▸ **Dataset excerpts**
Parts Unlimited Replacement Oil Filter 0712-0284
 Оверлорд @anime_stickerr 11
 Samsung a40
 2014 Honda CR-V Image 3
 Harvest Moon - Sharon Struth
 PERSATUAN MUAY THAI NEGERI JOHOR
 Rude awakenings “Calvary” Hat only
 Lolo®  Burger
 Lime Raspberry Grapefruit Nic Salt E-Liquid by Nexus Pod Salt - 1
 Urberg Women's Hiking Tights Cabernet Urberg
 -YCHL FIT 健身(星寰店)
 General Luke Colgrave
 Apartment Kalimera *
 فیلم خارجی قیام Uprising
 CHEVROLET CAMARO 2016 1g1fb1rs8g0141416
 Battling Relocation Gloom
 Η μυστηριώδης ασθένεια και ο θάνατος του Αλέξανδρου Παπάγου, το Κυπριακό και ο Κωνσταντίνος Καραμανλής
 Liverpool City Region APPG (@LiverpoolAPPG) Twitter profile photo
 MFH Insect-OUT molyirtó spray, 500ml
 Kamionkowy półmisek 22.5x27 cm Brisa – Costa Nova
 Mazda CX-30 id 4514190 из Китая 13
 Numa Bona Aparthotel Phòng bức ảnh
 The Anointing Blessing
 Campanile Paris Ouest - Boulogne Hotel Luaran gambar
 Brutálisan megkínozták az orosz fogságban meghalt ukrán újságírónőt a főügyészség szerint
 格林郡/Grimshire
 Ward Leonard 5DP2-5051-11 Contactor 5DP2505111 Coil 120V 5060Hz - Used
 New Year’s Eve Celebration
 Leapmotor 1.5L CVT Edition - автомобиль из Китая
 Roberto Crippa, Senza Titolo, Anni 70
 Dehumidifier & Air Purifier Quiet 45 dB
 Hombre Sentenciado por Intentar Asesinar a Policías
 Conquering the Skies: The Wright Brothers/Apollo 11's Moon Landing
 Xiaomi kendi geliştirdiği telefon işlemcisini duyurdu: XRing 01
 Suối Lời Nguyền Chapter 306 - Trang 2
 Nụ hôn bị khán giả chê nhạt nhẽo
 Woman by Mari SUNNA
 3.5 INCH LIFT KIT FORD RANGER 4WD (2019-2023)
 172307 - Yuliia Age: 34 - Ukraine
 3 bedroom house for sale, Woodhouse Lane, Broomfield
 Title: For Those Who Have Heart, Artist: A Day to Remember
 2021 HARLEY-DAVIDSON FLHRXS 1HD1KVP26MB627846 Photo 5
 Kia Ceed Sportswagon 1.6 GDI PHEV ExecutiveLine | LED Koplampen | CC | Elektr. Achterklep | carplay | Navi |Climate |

▸ **Action item**
Beginning at the line with "Conquering the Skies: The" and stopping after the line with "3.5 INCH LIFT", please write out every line of the data above exactly and nothing else.

▸ **Expected answer**
 Conquering the Skies: The Wright Brothers/Apollo 11's Moon Landing
 Xiaomi kendi geliştirdiği telefon işlemcisini duyurdu: XRing 01
 Suối Lời Nguyền Chapter 306 - Trang 2
 Nụ hôn bị khán giả chê nhạt nhẽo
 Woman by Mari SUNNA
 3.5 INCH LIFT KIT FORD RANGER 4WD (2019-2023)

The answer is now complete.